AVAILABLE DATA.
——

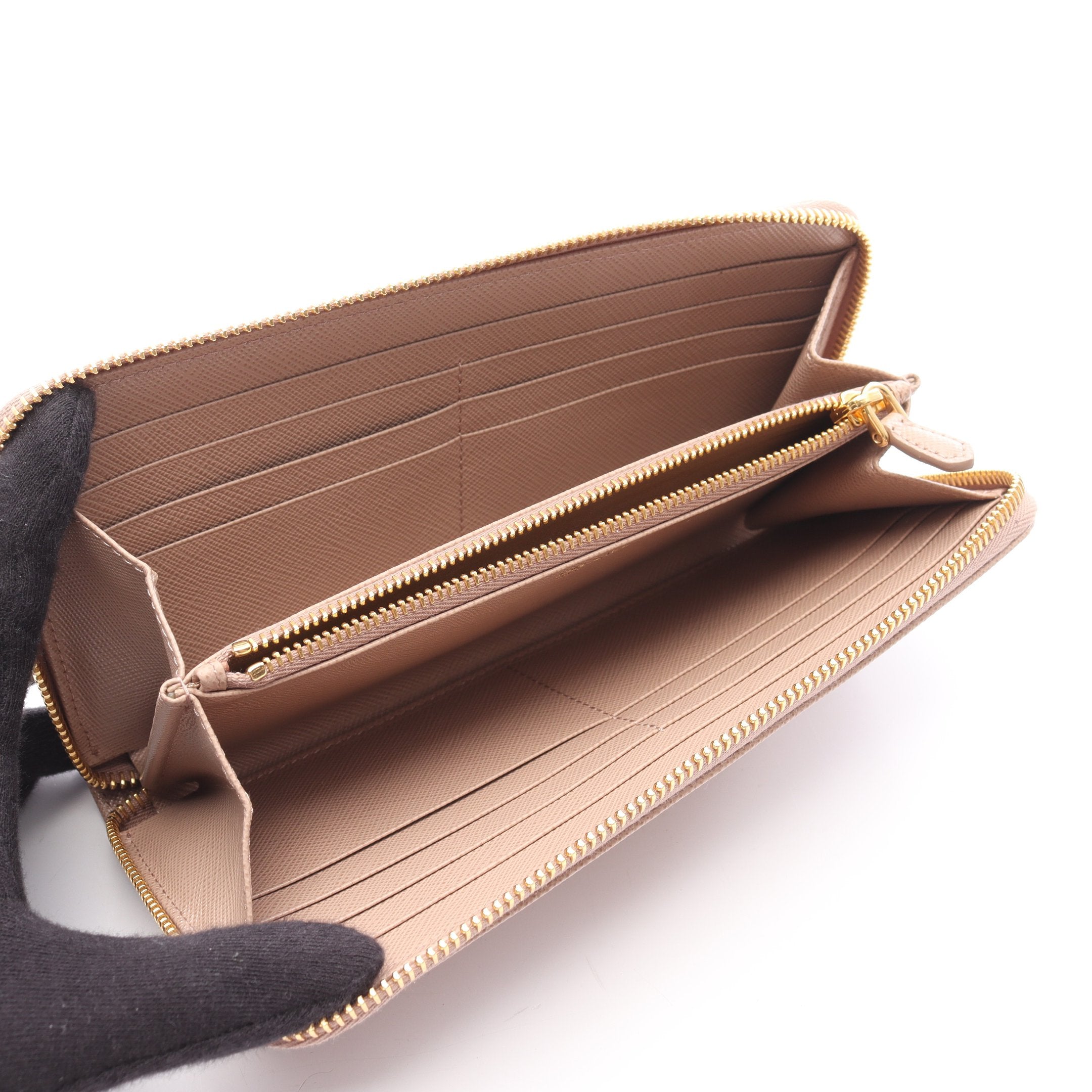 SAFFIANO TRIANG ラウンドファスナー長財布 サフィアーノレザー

——

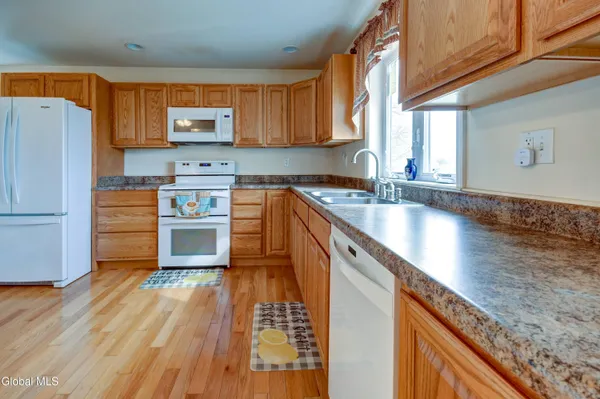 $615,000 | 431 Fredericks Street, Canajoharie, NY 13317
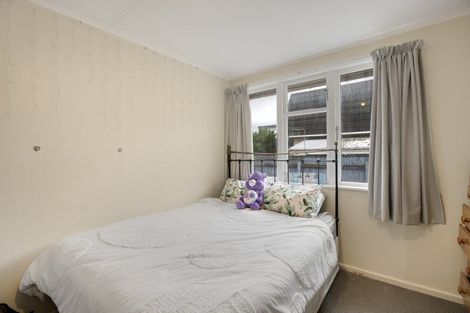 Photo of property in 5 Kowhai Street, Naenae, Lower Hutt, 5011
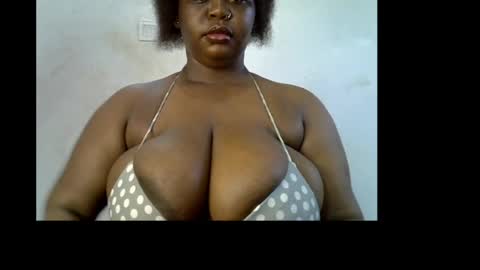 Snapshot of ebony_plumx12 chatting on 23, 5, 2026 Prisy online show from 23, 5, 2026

——

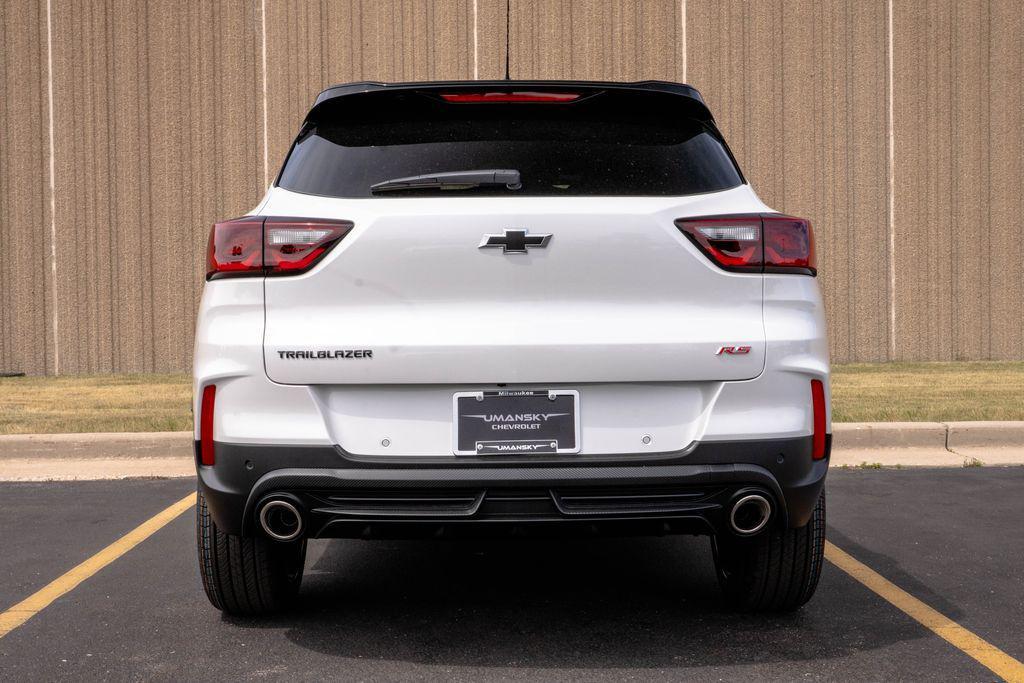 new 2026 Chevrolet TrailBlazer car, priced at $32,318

——

THE PROBLEM.
Within these entries, output exactly the lines starting at the one with "Canajoharie, NY 13317" and finishing at the one with "Snapshot of ebony_plumx12". Leave pictures out of the output.

SOLUTION FOR THIS TASK.
 $615,000 | 431 Fredericks Street, Canajoharie, NY 13317
 Photo of property in 5 Kowhai Street, Naenae, Lower Hutt, 5011
 Snapshot of ebony_plumx12 chatting on 23, 5, 2026 Prisy online show from 23, 5, 2026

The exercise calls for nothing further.